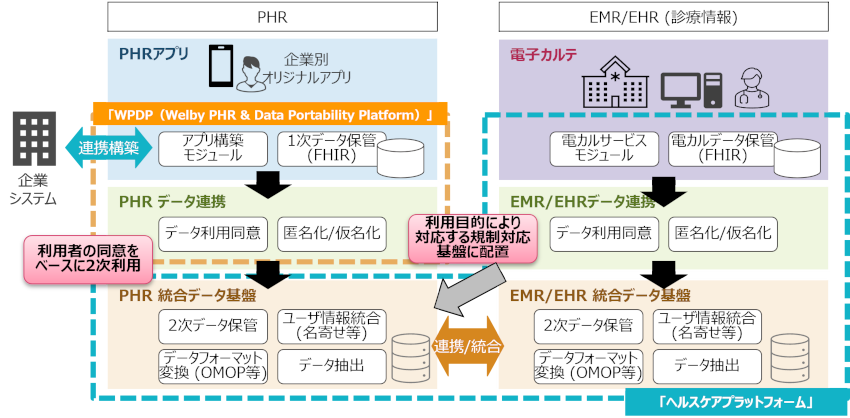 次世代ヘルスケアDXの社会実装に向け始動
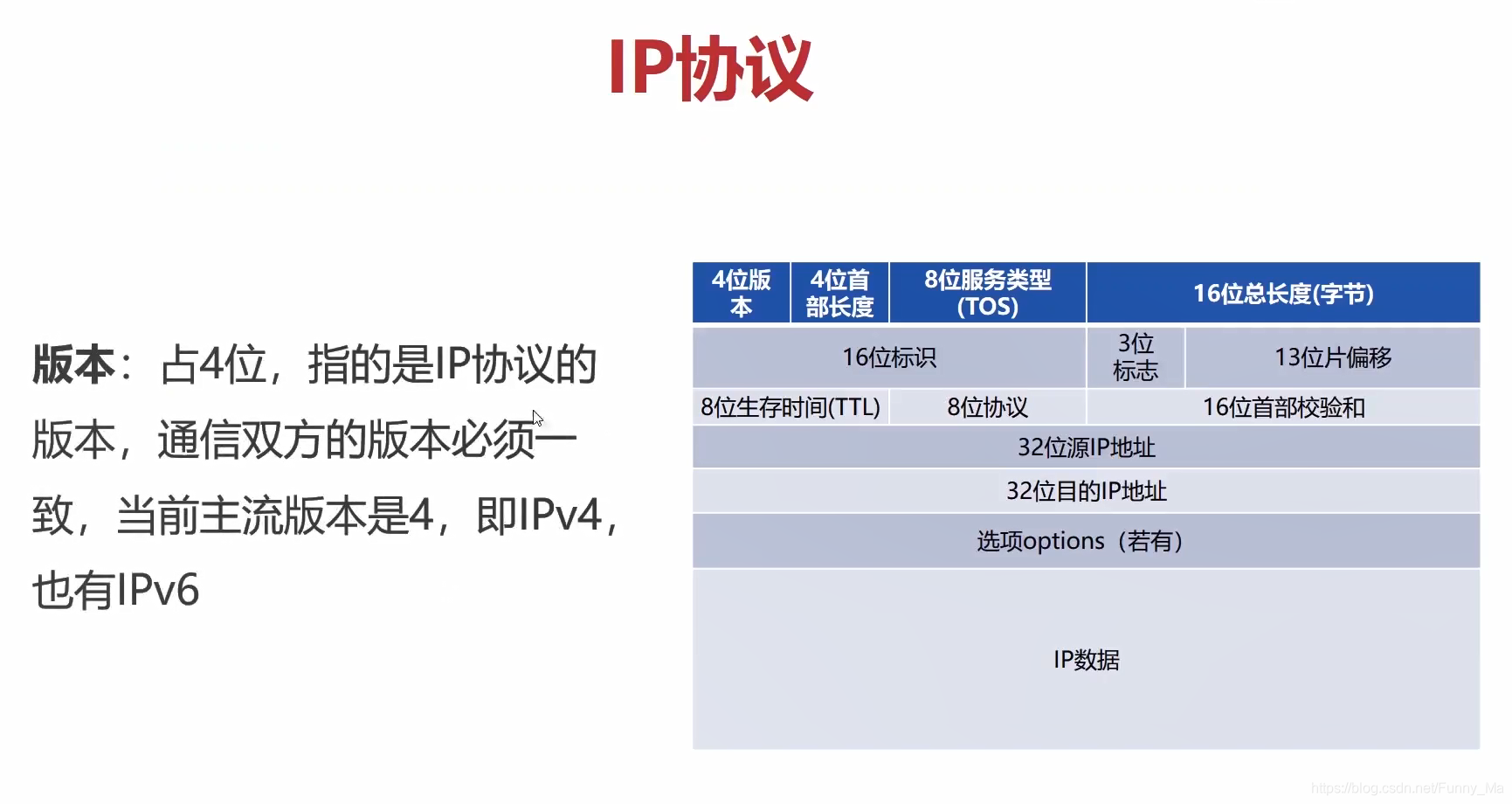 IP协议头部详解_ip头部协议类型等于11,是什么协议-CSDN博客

---

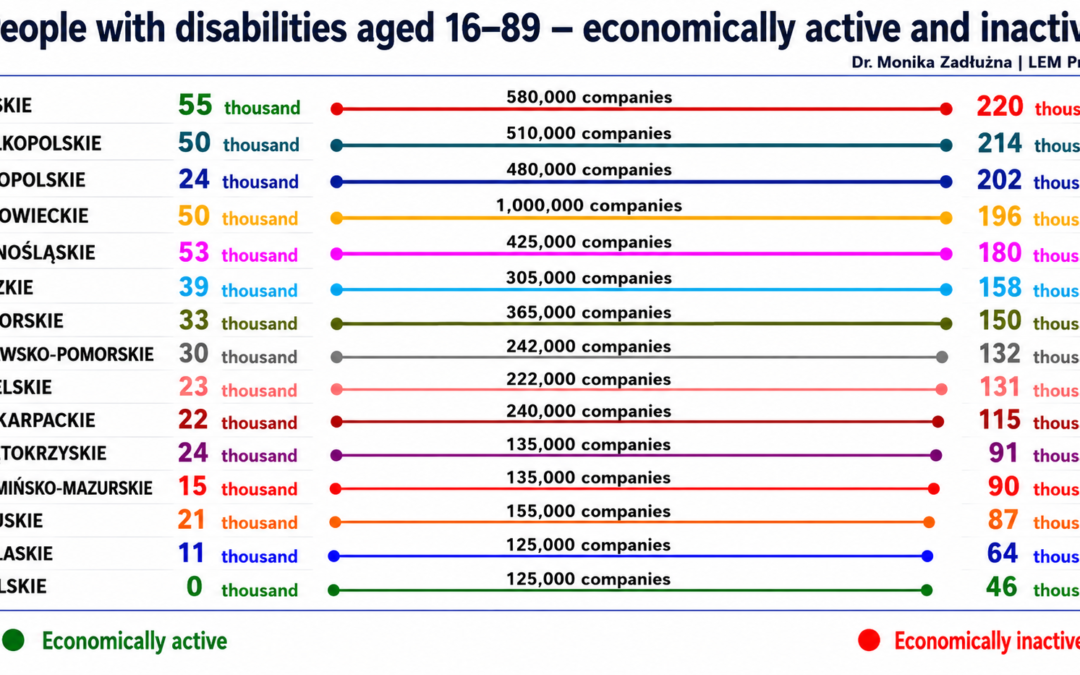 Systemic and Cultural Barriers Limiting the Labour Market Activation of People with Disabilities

The problem | Look above for the line with "次世代ヘルスケアDXの社会実装に向け始動" and the line with "IP协议头部详解_ip头部协议类型等于11,是什么协议-CSDN博客". Give again exactly those two lines and all lines between them, pictures excluded.

Task result |
 次世代ヘルスケアDXの社会実装に向け始動
 IP协议头部详解_ip头部协议类型等于11,是什么协议-CSDN博客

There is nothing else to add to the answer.